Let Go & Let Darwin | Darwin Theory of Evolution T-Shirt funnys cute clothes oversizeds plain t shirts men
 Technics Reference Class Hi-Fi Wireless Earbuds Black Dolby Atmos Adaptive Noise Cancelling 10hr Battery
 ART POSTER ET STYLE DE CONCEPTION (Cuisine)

■ **Directions for this task**
Output all the lines above. Keep each one exact.

■ **Finished task**
Let Go & Let Darwin | Darwin Theory of Evolution T-Shirt funnys cute clothes oversizeds plain t shirts men
 Technics Reference Class Hi-Fi Wireless Earbuds Black Dolby Atmos Adaptive Noise Cancelling 10hr Battery
 ART POSTER ET STYLE DE CONCEPTION (Cuisine)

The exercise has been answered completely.